══ Given data

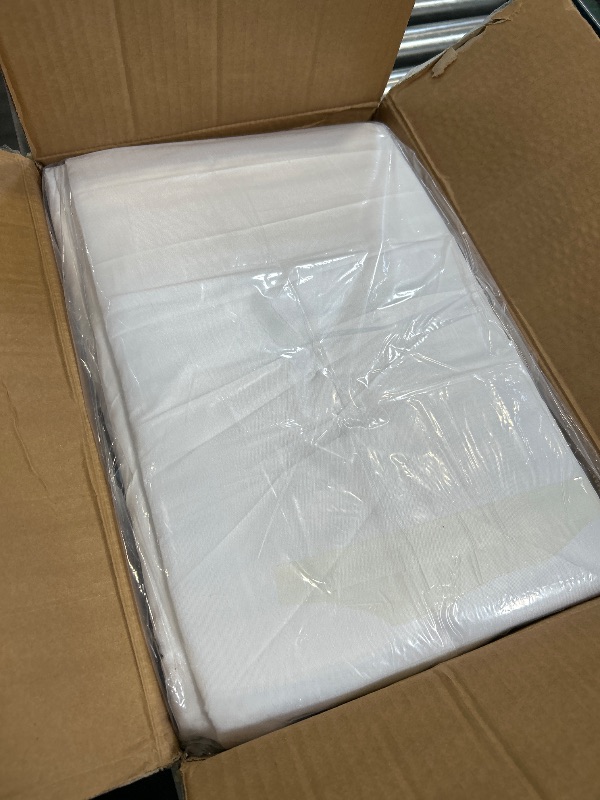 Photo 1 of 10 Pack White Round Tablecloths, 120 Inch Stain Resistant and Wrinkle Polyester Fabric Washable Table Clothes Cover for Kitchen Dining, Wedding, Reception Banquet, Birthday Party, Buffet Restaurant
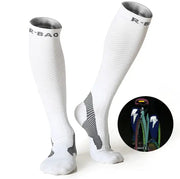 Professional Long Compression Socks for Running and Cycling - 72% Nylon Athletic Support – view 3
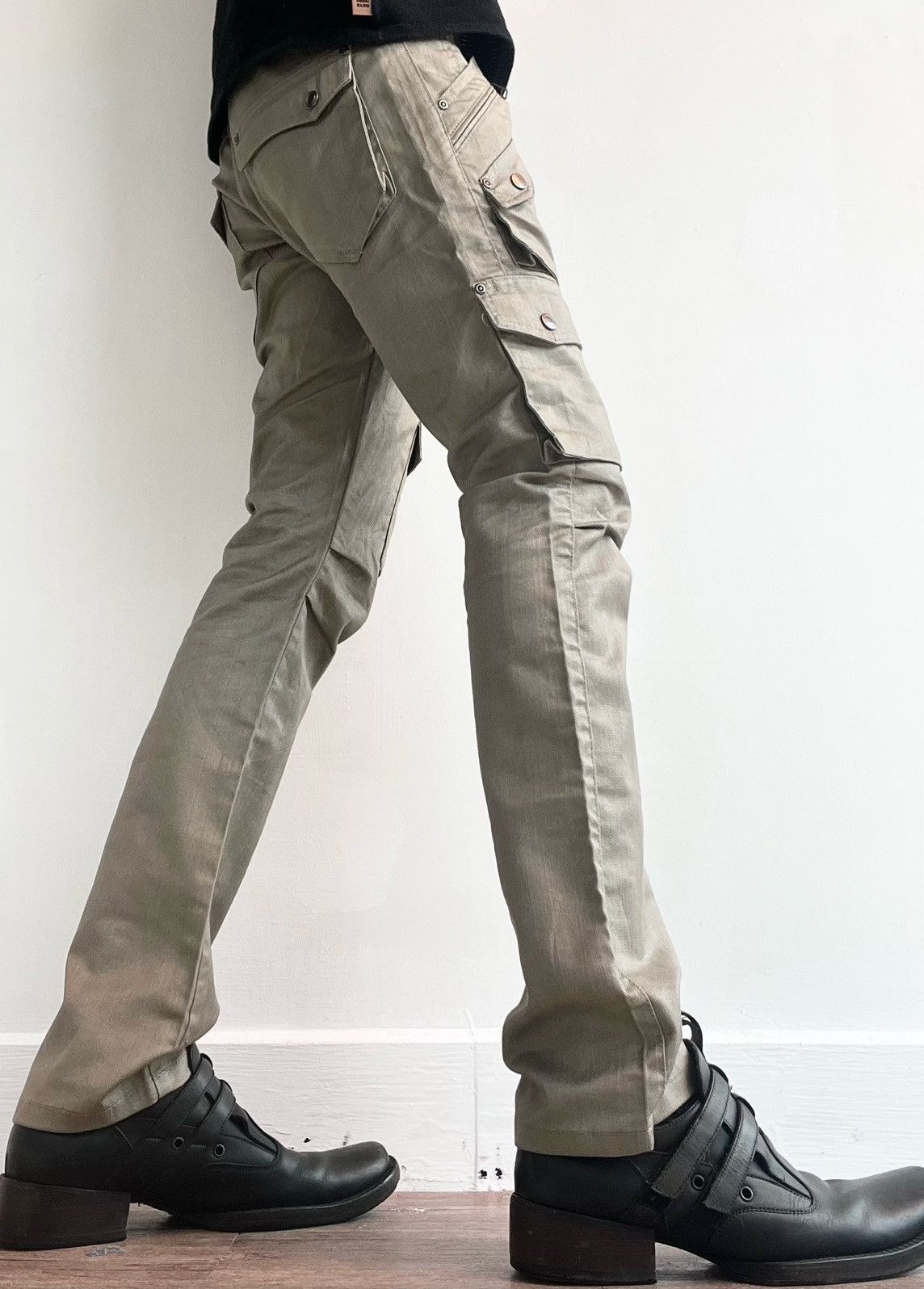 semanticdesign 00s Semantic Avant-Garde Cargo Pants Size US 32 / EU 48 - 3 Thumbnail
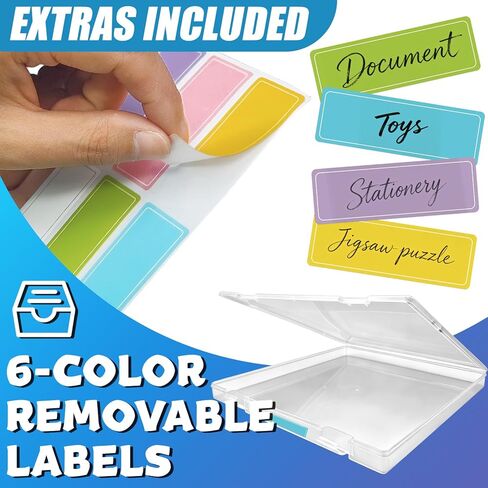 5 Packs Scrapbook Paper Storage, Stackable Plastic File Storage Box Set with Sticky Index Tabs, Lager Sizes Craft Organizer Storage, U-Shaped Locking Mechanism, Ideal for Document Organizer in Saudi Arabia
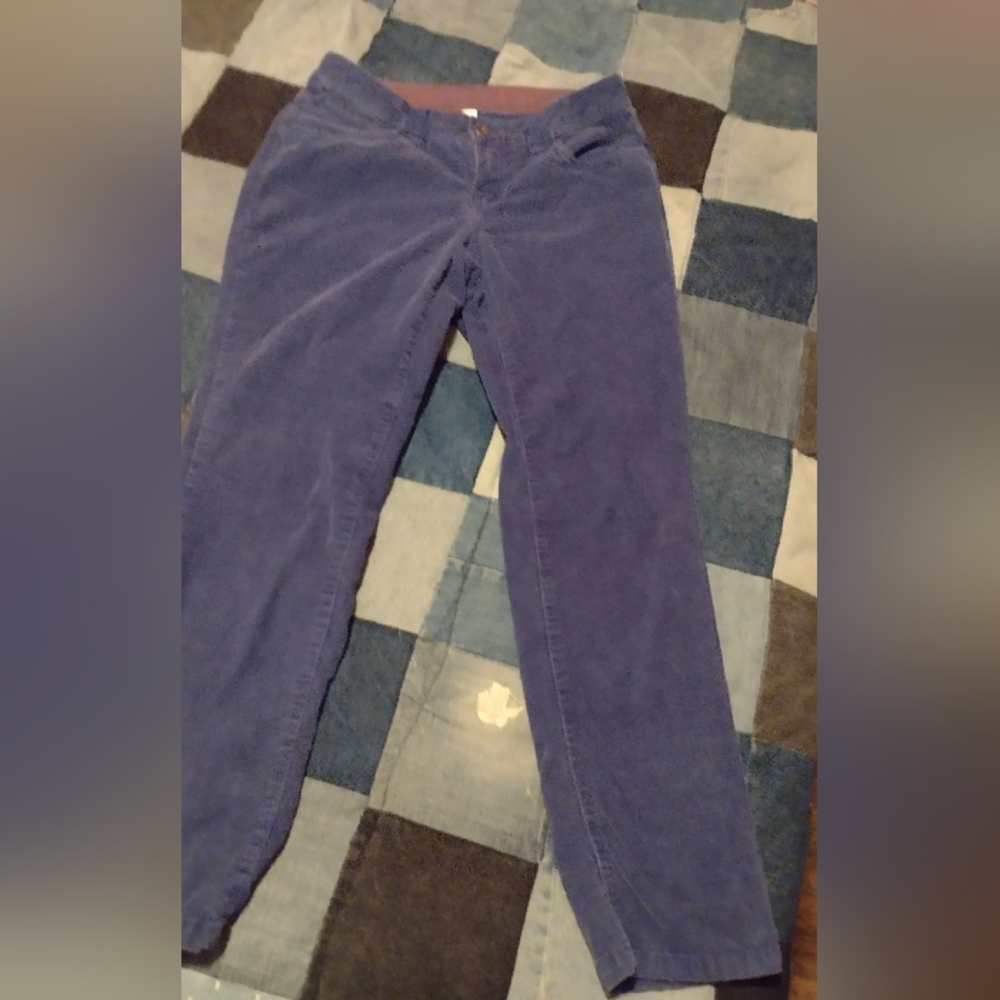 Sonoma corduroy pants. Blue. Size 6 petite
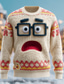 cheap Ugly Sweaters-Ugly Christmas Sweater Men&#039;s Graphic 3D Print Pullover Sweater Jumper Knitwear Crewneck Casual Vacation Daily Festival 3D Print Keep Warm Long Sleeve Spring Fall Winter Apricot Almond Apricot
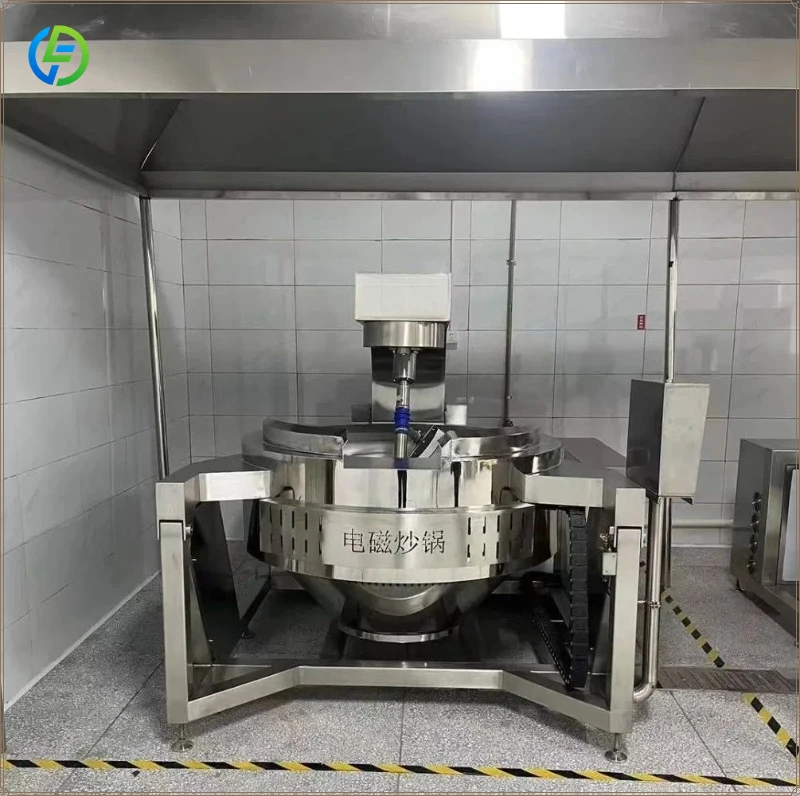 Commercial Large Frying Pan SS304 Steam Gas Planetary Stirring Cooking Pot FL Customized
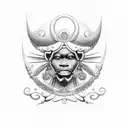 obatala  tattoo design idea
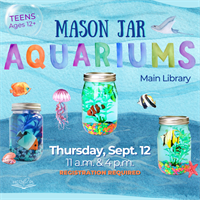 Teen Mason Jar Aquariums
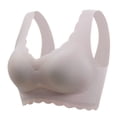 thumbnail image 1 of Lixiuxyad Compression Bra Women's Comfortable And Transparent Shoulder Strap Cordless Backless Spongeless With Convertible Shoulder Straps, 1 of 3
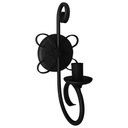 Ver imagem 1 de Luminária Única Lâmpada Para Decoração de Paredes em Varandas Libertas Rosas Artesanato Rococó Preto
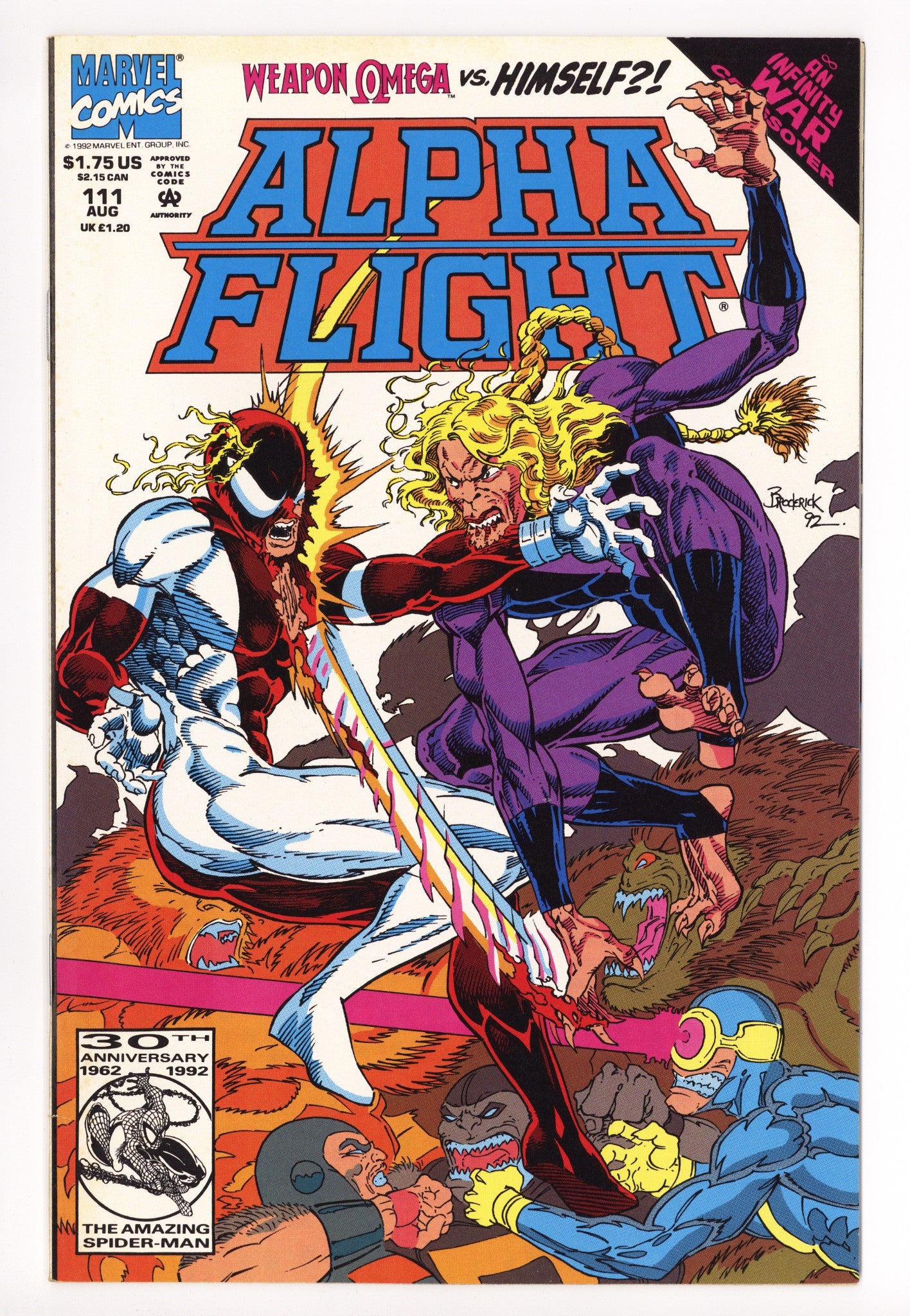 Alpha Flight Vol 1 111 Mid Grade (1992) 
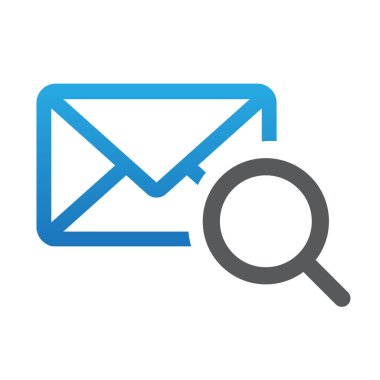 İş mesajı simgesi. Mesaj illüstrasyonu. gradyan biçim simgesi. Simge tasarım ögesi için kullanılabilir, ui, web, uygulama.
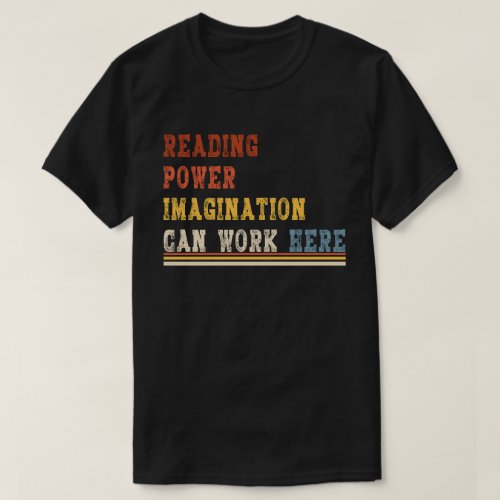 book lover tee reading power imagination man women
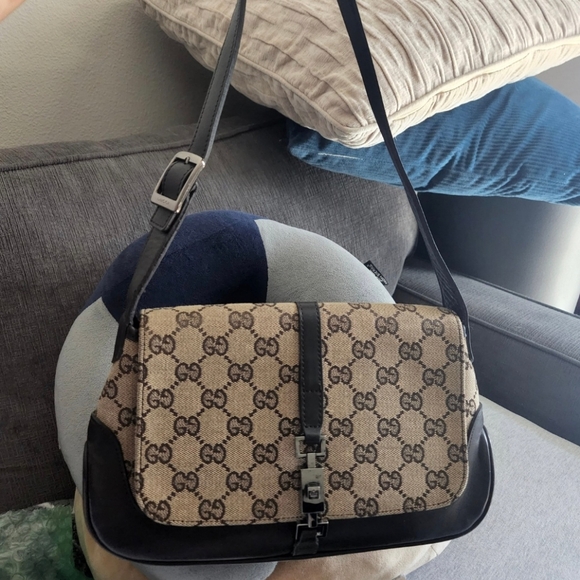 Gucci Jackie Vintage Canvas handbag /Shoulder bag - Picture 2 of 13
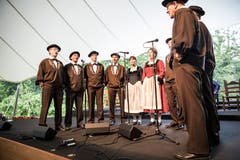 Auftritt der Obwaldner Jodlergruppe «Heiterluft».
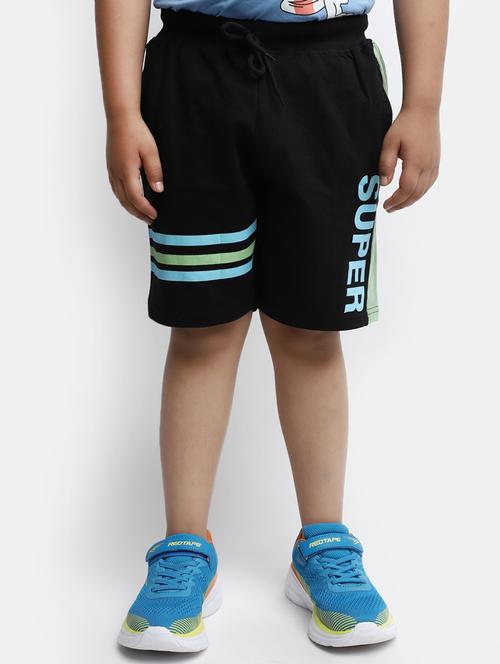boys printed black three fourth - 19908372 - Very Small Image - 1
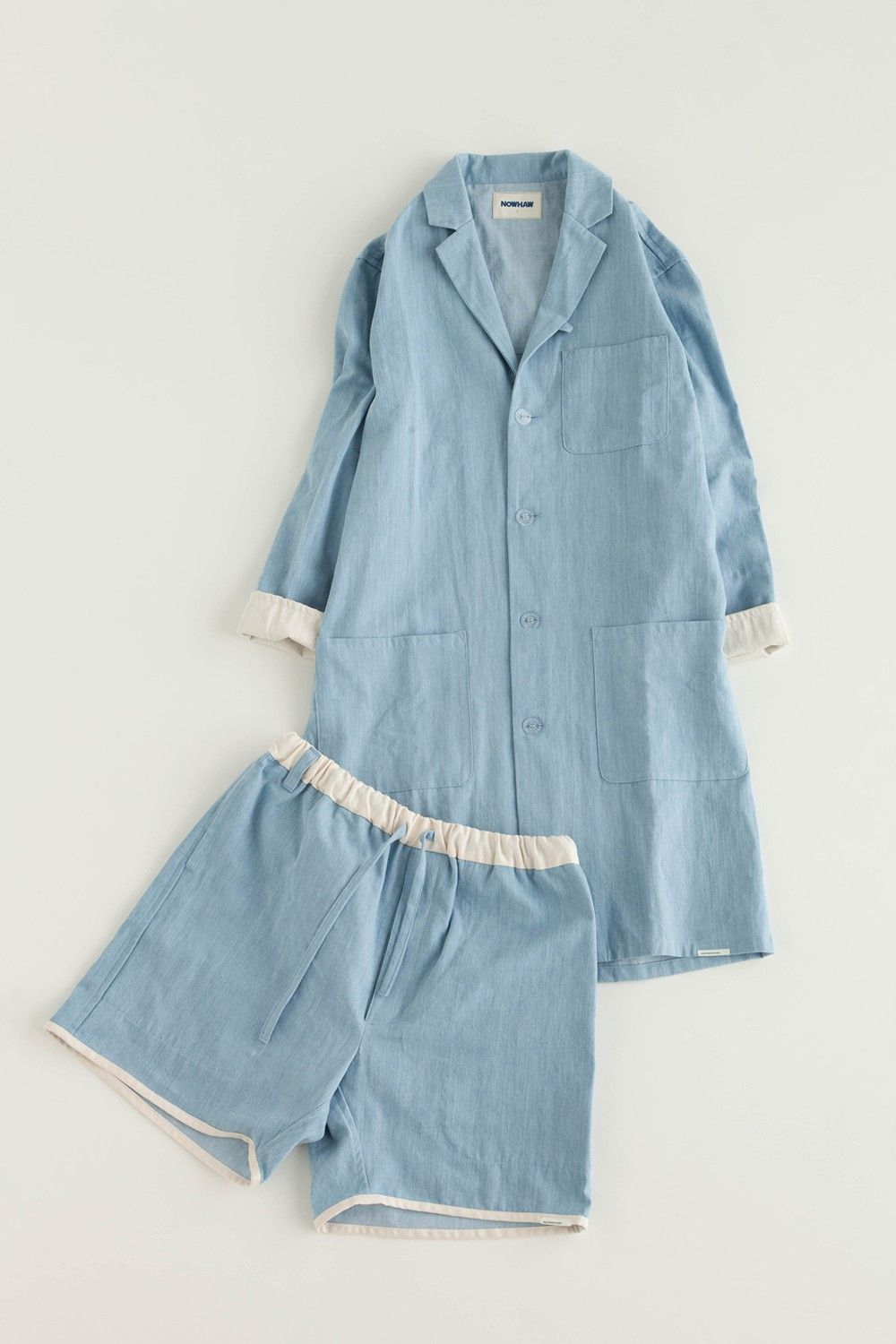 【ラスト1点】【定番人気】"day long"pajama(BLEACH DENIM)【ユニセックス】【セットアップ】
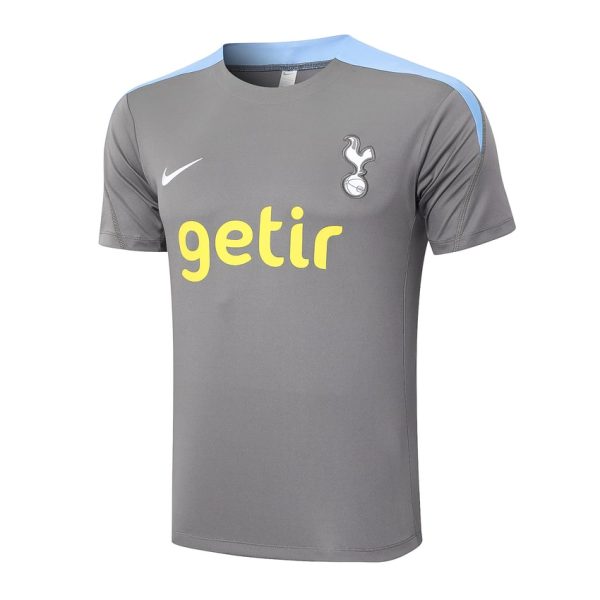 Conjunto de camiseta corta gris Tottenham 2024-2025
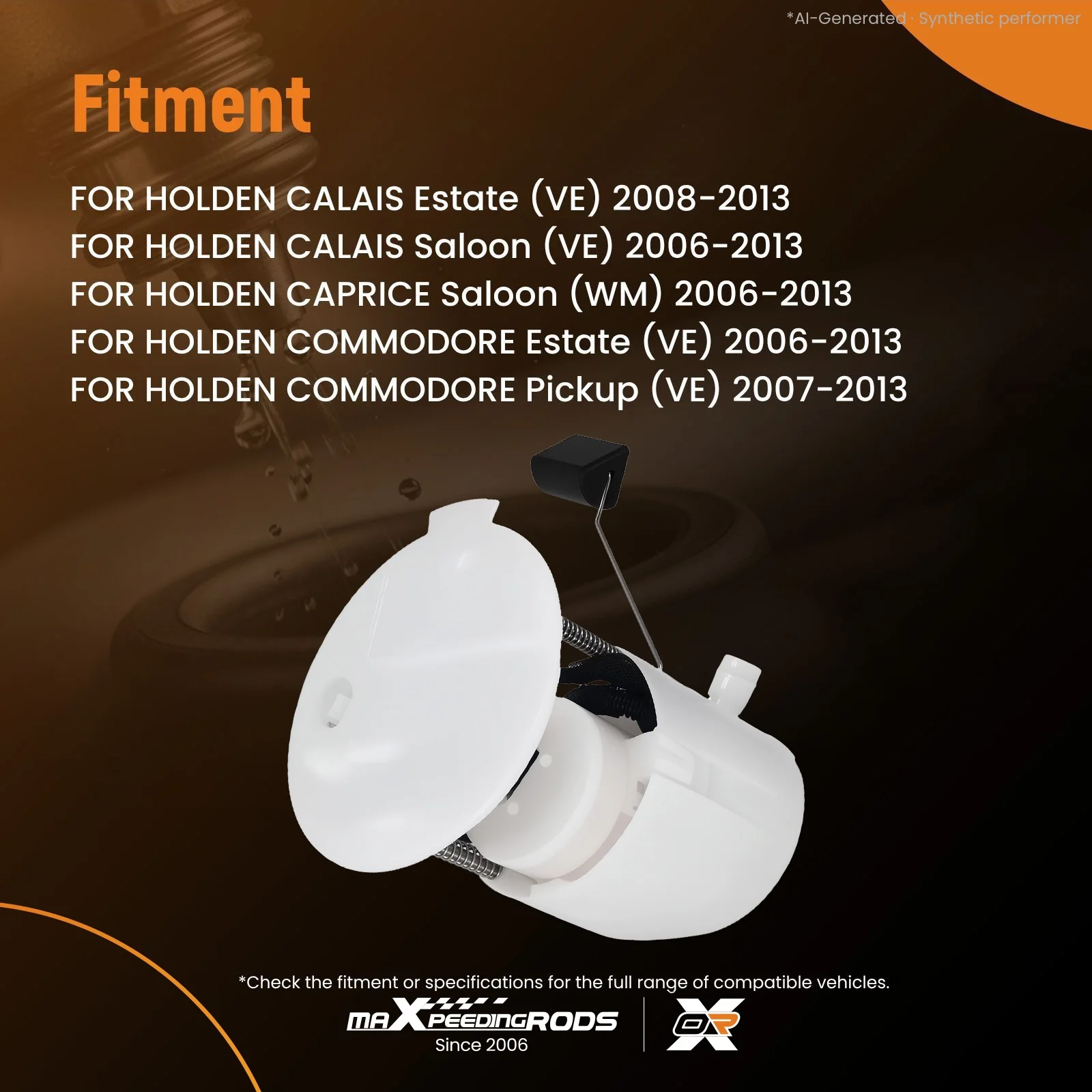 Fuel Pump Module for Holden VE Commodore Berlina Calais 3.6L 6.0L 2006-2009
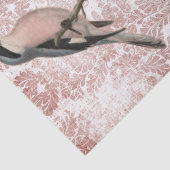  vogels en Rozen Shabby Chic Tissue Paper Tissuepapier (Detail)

════

> [Task instructions] Everything above from the line containing "semanticdesign 00s Semantic" through the line containing "Commercial Large Frying" must be repeated exactly, and the pictures must be left out.

> [Task output]
 semanticdesign 00s Semantic Avant-Garde Cargo Pants Size US 32 / EU 48 - 3 Thumbnail
 5 Packs Scrapbook Paper Storage, Stackable Plastic File Storage Box Set with Sticky Index Tabs, Lager Sizes Craft Organizer Storage, U-Shaped Locking Mechanism, Ideal for Document Organizer in Saudi Arabia
 Sonoma corduroy pants. Blue. Size 6 petite
 cheap Ugly Sweaters-Ugly Christmas Sweater Men&#039;s Graphic 3D Print Pullover Sweater Jumper Knitwear Crewneck Casual Vacation Daily Festival 3D Print Keep Warm Long Sleeve Spring Fall Winter Apricot Almond Apricot
 Commercial Large Frying Pan SS304 Steam Gas Planetary Stirring Cooking Pot FL Customized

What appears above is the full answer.